Dipping into the dense atmosphere, the booster fired up three of its engines at T+6 minutes and 28 seconds when passing 58 Kilometers in altitude. The brief 20-second Entry Burn slowed the booster by 651 meters per second to 1.64 km/s in order to create a manageable re-entry, but with much higher heat load than a Low Earth Orbit mission (for reference, Monday’s Iridium-3 mission, as a typical LEO delivery, had an entry speed of only 870m/s).
The rigors of re-entry became evident through onboard camera views from the booster that showed plasma around the booster and the grid fins briefly catching on fire, a sight that will only be around for so long as the Block 5 vehicle will use titanium grid fins that can weather the entry environment without issue. Descending through the atmosphere, the booster relied on its grid fins – or what was left of them – to maneuver toward the Drone Ship, holding a programmed position using its azimuth thrusters.

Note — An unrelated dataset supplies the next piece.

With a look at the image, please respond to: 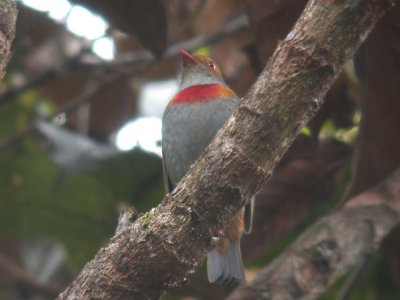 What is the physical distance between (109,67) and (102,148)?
0.54 metres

The booster fired up on the critical landing burn right at the T+8-minute mark, having passed through the sound barrier for the second time on Wednesday and the fourth time in its career. The engine and grid fins worked in unison to bring the booster to a vertical descent toward the Drone Ship’s deck and the four landing legs deployed just before touchdown.
Despite rough seas and windy conditions, Booster #1031 managed an on-target touchdown on ‘Of Course I Still Love You,’ bringing SpaceX’s record to 18/23 for overall landing success, 11/16 at sea, and improving the company’s streak to 14 successful recoveries in a row.

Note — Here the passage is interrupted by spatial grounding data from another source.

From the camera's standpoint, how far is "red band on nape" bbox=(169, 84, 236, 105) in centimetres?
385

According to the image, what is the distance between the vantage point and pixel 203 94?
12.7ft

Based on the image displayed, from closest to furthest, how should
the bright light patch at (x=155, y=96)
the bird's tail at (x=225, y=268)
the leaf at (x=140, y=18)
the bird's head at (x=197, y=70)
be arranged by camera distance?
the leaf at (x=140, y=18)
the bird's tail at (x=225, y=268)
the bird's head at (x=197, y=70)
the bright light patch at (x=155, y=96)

As the Block 3 booster, the 1031 vehicle is unlikely to see space again, though its recovery represents important data for SpaceX on the condition of the various components on the vehicle after going through the flight environment twice.
While the first stage navigated through gusty winds, Stage 2 was much higher up where aerodynamics were no longer a concern. Falcon 9 separated its fairing three minutes and 40 seconds into the flight and the second stage delivered excellent performance, shutting down eight minutes and 38 seconds into the flight when sensing it had arrived in orbit.

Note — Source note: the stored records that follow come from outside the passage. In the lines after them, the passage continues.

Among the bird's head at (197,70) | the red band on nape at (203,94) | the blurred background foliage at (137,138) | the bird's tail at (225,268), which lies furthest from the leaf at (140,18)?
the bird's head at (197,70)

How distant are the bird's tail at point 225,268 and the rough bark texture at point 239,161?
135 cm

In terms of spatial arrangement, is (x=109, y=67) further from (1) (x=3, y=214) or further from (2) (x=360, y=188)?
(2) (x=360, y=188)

Next for the second stage was a coast phase of a little over 18 minutes to continue heading south east and perform the second burn around the equator in order to position the high point of the resulting orbit above the equator on the opposite side of the planet – easing the process of transferring the satellite into its operational Geostationary Orbit.
MVac re-started at around T+27 minutes, 5 seconds and burned for ~56 seconds, spending the last part of the burn in a gradual throttle-down to limit acceleration on the second stage and satellite to 5Gs. The second burn raised the vehicle’s velocity by 2.45 Kilometers per second and Launch Controllers called out a good orbital insertion, confirming Falcon 9 had reached the intended elliptical orbit.
SES 11 departed the second stage 36 minutes after launch and was expected to check in with ground stations a short time later to begin a checkout process before several days of orbit-raising operations to maneuver into Geostationary Orbit where the satellite can remain locked over the same location on Earth.
Checking off a pair of missions this week, SpaceX will now shift focus on its next flight, aiming for an October 30 liftoff with the KoreaSat-5A communications satellite, also targeting Geostationary Transfer Orbit. SpaceX missions from Florida are expected to shift back to Space Launch Complex 40 in November, allowing LC-39A to enter a downtime while undergoing outfitting work for the inaugural Falcon Heavy mission that is still on the manifest for late 2017, though likely to slip into next year.